# Maintaining ports correctly?



## Deleted member 2077 (Aug 20, 2010)

Ok, I'm going to start with a fresh 8.1 today.  In the past, all my other systems have ended up with a huge mess in ports with broken dependencies or won't even build.  So hopefully I can start doing this right on 8.1:

1: cvs lastest port tree.

2: read /usr/ports/UPDATING

3: install port like this to recursively build all dependencies:
`portmaster -rv "dir/port name"`

4. upgrading:
The only time I want to upgrade ports if if their is a security advisory.
check: http://www.vuxml.org/freebsd/
Install portaudit.

If security advisory, update a port and all it's dependencies:
Do steps 1, 2 and then if no special instructions:
`portmaster "portname"`

else, do whatever UPDATING says.

5: deleting:
To delete a port an all it's dependencies (that aren't used by other ports:
`portmaster -e "portname"`
`portmaster -s "portname"`



Does that look right?  Will that keep my ports running smooth?

What happens if when I updgrade (as above) and it rebulids a dependencies that is used by another package.  Will that other package be automatically rebuild it, or do I have to manually build it?  How will I know if I need to manually rebuild it?

Should I use the -w option to save old libraries incase another package needs them?  I don't mind having old libs and old packages as long as they don't have any security advisories on them (or bugs that affect me )


----------



## UNIXgod (Aug 20, 2010)

Can't answer your portmaster questions as I'm a portupgrade user. But I can tell you to install portaudit.
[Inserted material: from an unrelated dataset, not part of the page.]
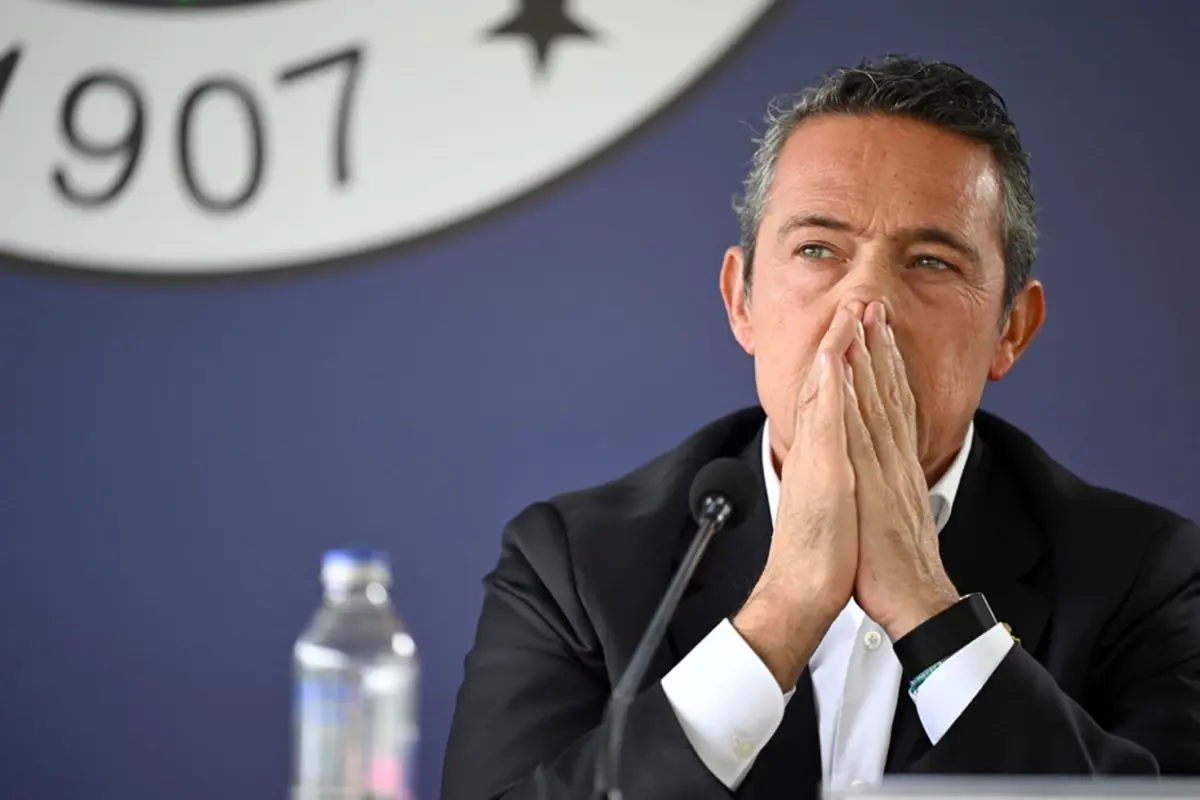 Kadıköy'de Ali Koç'a büyük tepki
You can run it by hand or set up perodic. may save you from grepping vuxml daily.


----------



## dbi (Aug 21, 2010)

portA depends on portB and portC.
You install portA by "portmaster category/portA" and it automatically pulls portB and portC as dependencies.
If there is an update for portC you use "portmaster -r category/portC" to rebuild portA along with portC.
In most of the cases when there is an update for portC, port mainters bump the version of all ports that depend on it, so you won't need to manually force rebuilding by the "-r" option.
In short use "portmaster category/port" for initial installation and then "portmaster -a" to keep your software updated.


----------